IaC Security: Your Infrastructure Has the Same Bugs as Your Code

In 2019, Capital One suffered a breach that exposed data on over 100 million customers in the United States and Canada. The initial attack vector was a misconfiguration in an AWS IAM role — excessive permissions on an infrastructure resource that had been defined in code, reviewed, approved, and deployed to production. The infrastructure was properly version-controlled. So was the security flaw.

What makes that case especially instructive isn’t that it happened, but that it was entirely preventable. The misconfiguration would have appeared in any IaC scanner with a basic IAM permissions rule. Nobody was running one.

Why IaC amplifies the misconfiguration problem

The move toward infrastructure as code emerged as a solution to a real problem: hand-defined environments are inconsistent, hard to audit, and slow to replicate. IaC solved all of that. But by moving infrastructure into code, it also imported every error pattern we already knew from software development — with more severe consequences.

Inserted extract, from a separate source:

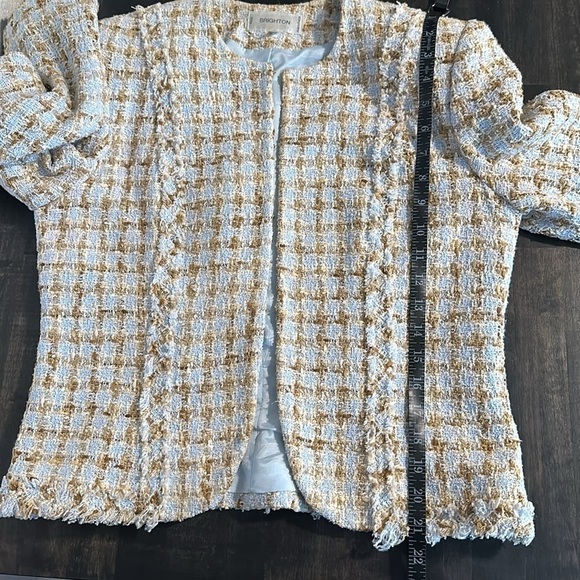 Brighton Paris Blue & Tan Tweed Boucle Blazer Hook Eye Closure Size 44(European) - Picture 8 of 8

A bug in application code affects that application. A misconfiguration in IaC potentially affects the entire infrastructure — and unlike an application bug, it doesn’t require anyone to actively exploit it to cause harm. An unencrypted database is always in that state. A public S3 bucket is always exposed. The attack is optional; the exposure is not.

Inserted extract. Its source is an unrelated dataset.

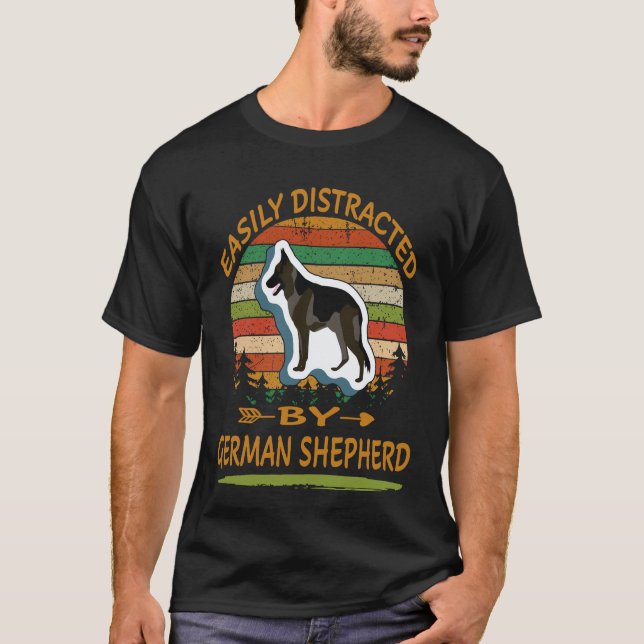 Camiseta 29 Fácilmente Distraído Por Pastor Alemán (Anverso)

The other difference is persistence. A CVE in a dependency can be patched in the next update cycle. An infrastructure misconfiguration exists for as long as that resource exists — sometimes years. Organizations accumulate infrastructure resources — things get added, rarely deleted — and misconfigurations travel with them.

What IaC scanning is

Infrastructure as Code security scanning analyzes infrastructure definition files for configurations that introduce security risk — before they’re applied. The analysis happens on source code, not on deployed infrastructure, which means problems are detected at the pull request stage, not weeks after the resource has been running in production.

The formats covered include Terraform (HCL and .tf files), Kubernetes and Helm (YAML manifests for container orchestration), Dockerfile (image definitions), CloudFormation and ARM Templates (the native formats for AWS and Azure), and Ansible (configuration automation playbooks). In practice, most modern teams have at least three or four of these formats coexisting in the same repository.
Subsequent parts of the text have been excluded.